* **Exercise details**:
Word for word, restate the lines of the listing below from the line with "Baltimore Ravens Bold" through the line with "Simple Hydrate+ Micellar", and do not include the pictures.

* **Material provided**:
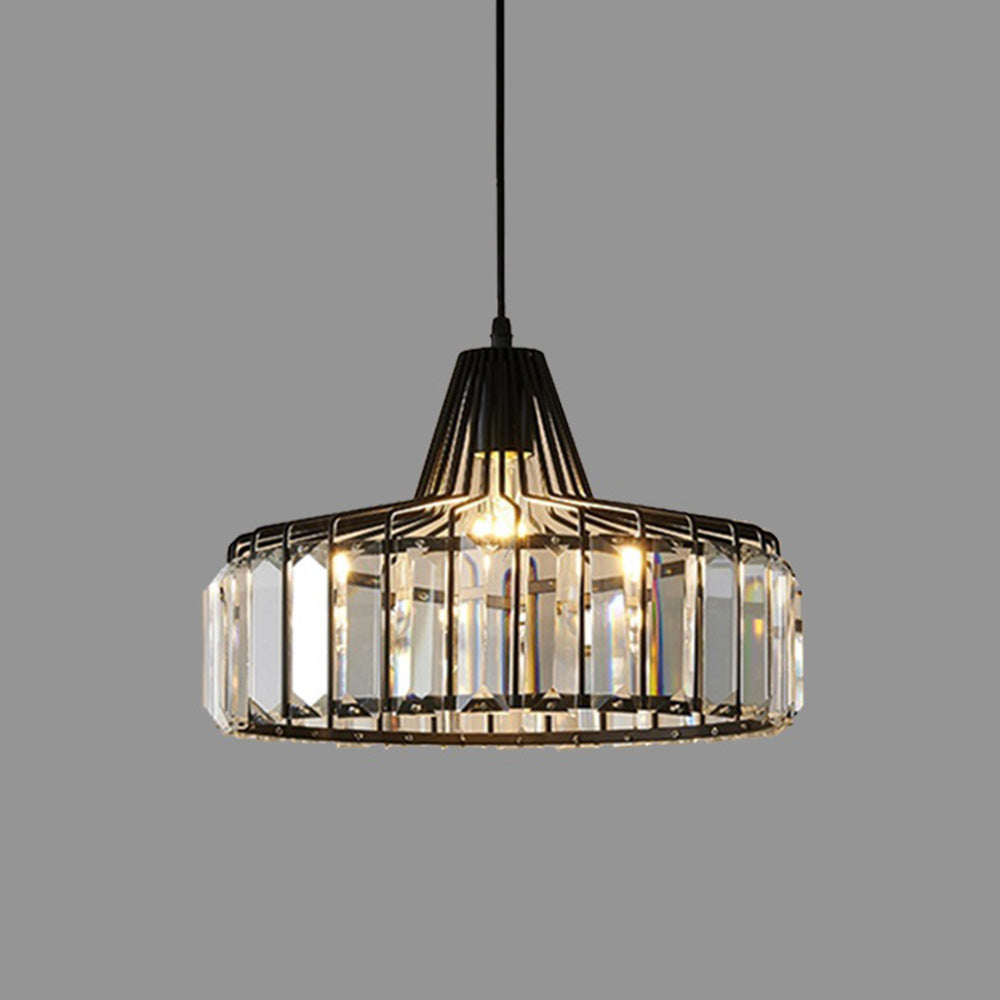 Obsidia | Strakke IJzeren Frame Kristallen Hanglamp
---
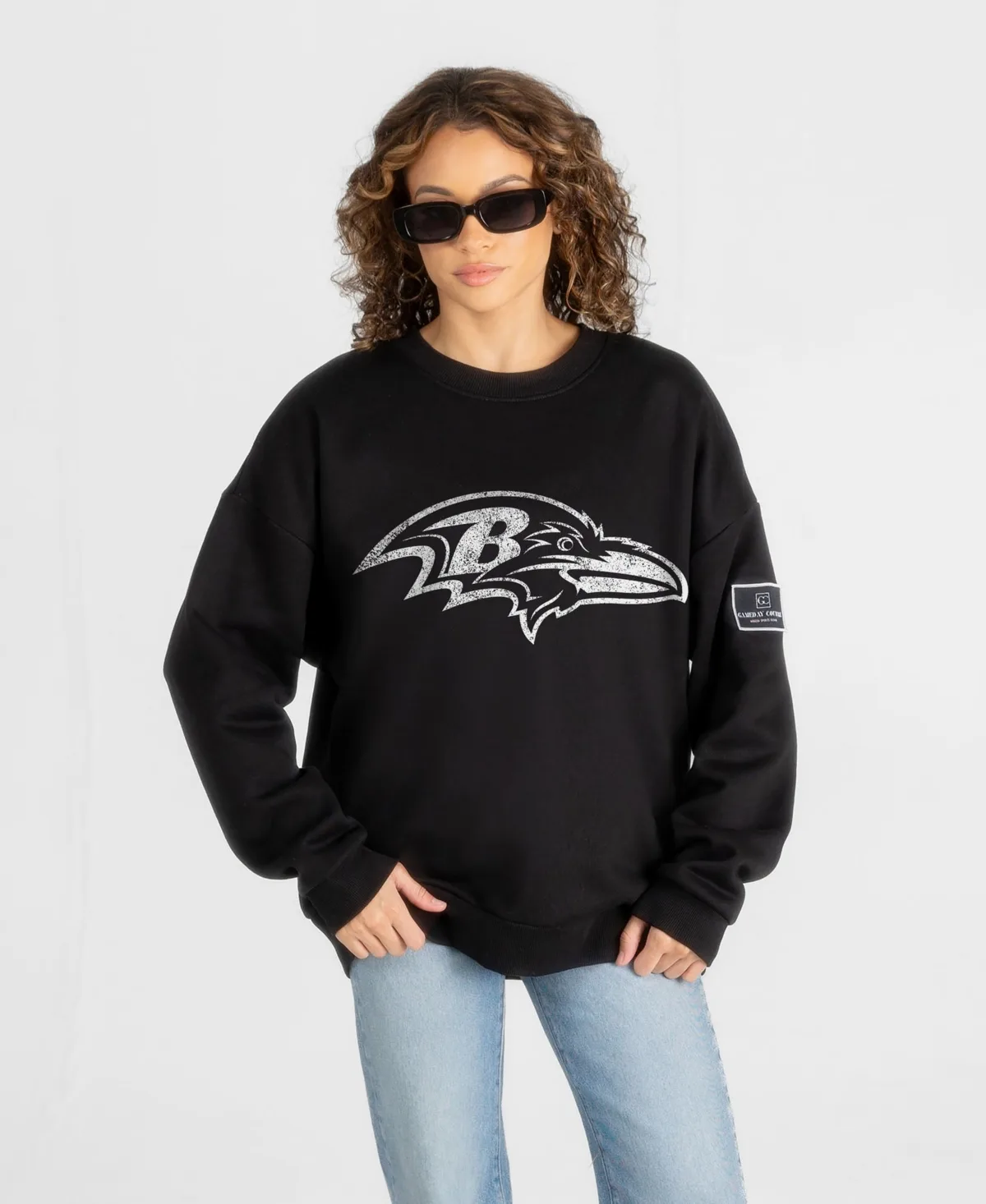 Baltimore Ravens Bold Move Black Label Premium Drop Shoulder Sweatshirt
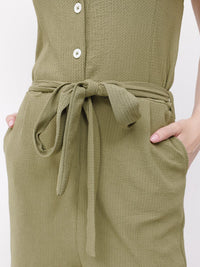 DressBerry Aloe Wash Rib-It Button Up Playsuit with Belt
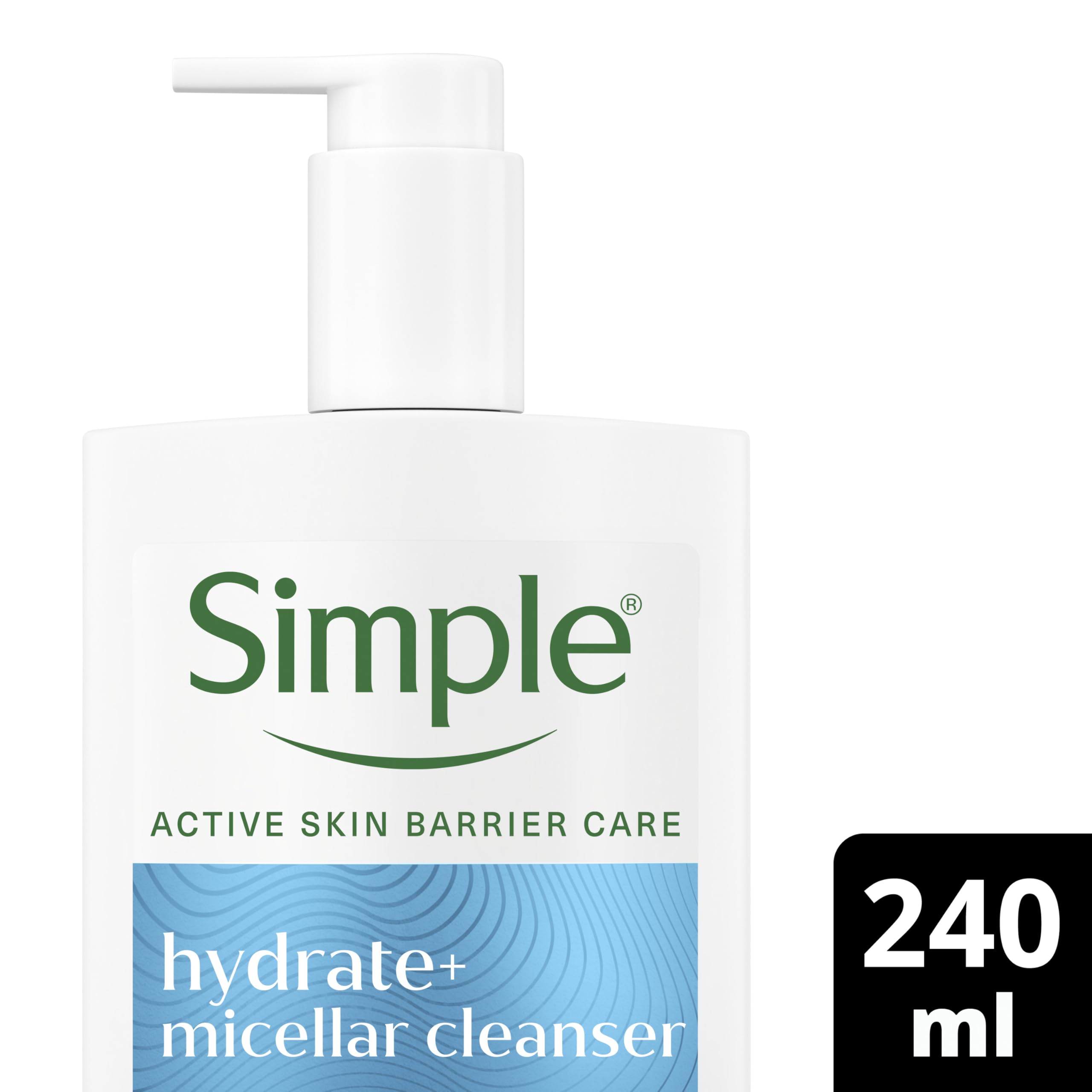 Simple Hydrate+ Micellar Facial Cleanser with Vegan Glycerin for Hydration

* **Output**:
 Baltimore Ravens Bold Move Black Label Premium Drop Shoulder Sweatshirt
 DressBerry Aloe Wash Rib-It Button Up Playsuit with Belt
 Simple Hydrate+ Micellar Facial Cleanser with Vegan Glycerin for Hydration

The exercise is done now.